エンジニアメンバーからの示唆によって、ビジネスチームメンバーの一人一人が、下記の重要性を認識していきました。
- 定義を揃える重要性
- 認識の齟齬を疑い、曖昧さをなくす
- スコープを絞る重要性
- 顕在化している問題の重要さを疑い、今解決すべき課題を特定する
- 負債を考慮する重要性
- 技術的負債と言うよりも、ビジネス展開上の負債になり得る可能性へのリスク感度
議論はゴールから脱線しにくなり、論理的に仮説を立てて、根拠をもって戦略や優先順位を決められるようになりました。
その結果、KPIは回復基調に突入し、ビジネスチームは混乱期を脱することができました。チーム内で目的や目標の共通認識化がされて、相互理解と信頼をベースとした秩序がもたらされ、チームのフェーズは混乱期から統一期に進みました。
異なる専門性をもつ者同士が協同する重要性
当時所属していたビジネスチームの生産性が向上していった契機は、エンジニアメンバーからの示唆でした。
成功の要因は、専門性が異なることに由来する思考特性の差異によって、ビジネスチームに欠けていた思考を補完できたからではないかと考えています。
(心理的安全性が高く、一人一人に指摘を聞く姿勢がそなわっていたという前提のもとで)
あくまでも私の主観ですが、エンジニアとビジネス職には、下記のような思考特性の違いが傾向としてあるのではないかと感じています。
| 項目 | エンジニアの傾向 | ビジネス職の傾向 |
|---|---|---|
| 考慮する時間軸 | 長期的・継続的 | 短期的・瞬間的 |
| 思考プロセス | 演繹的(原理原則から結論を出す) | 帰納的(個別具体から結論を出す) |
| 意識が向きやすい問い | なぜ? | どうやって? |
| 重視するポイント | 設計力・再現性 | 突破力・柔軟性 |
上記に良い悪いや、どちらが優れているということはなく、職能による専門性に由来する差異だと考えています。
エンジニアは長い時間軸で物事を考える必要性が高く、そのため不確実性という名のリスク(振れ幅)をコントロールすることによって、課題を解決するアプローチを重視しているのではないかと感じます。
一方でビジネス職は、決して多くはないチャンスを掴むことが重要なため、いかにして難関を突破するかという、個別化された柔軟なアプローチによって課題を解決することを得意としているように思います。
両方とも必要な視点だと思います。
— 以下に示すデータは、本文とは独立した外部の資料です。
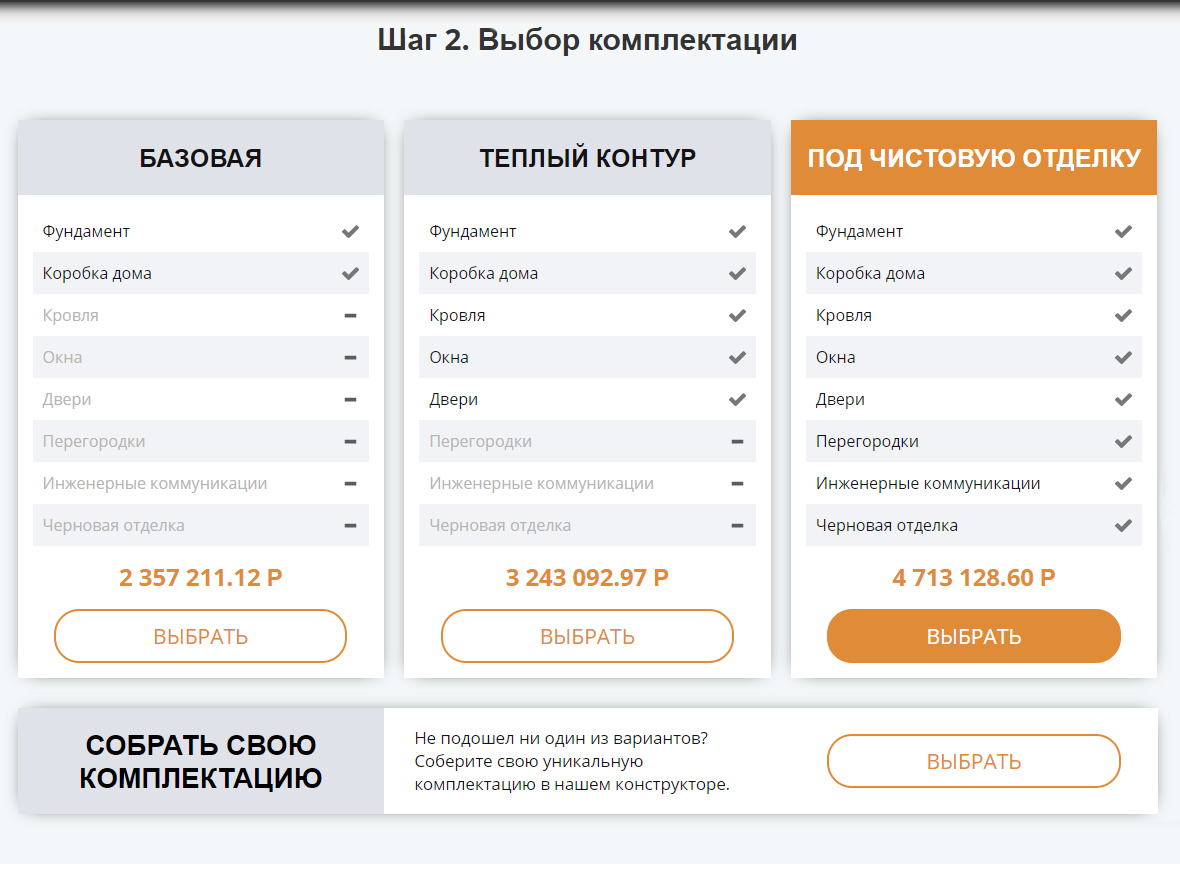 скриншот с новой комплектацией под чистовую отделку
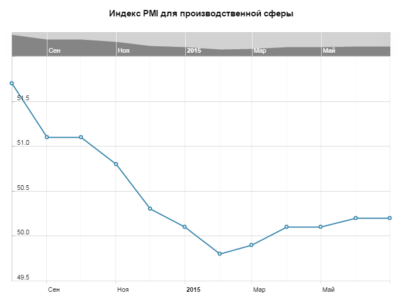 Индексы PMI: временные улучшения в Китае могут поддержать рынки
変化のスピードが早く、不確かで予測しにくい複雑な環境下では、多角的に思考できることが適応力に繋がると思うので、アドバンテージになると感じています。
そういった文脈で、個別具体の開発の際にエンジニアとビジネス職が連携するのみならず、開発の前段階から協同して抽象度の高い問題解決にあたれると、組織として効果的ではないでしょうか。
一個人の体験談ですが、少しでも参考になれば幸いです。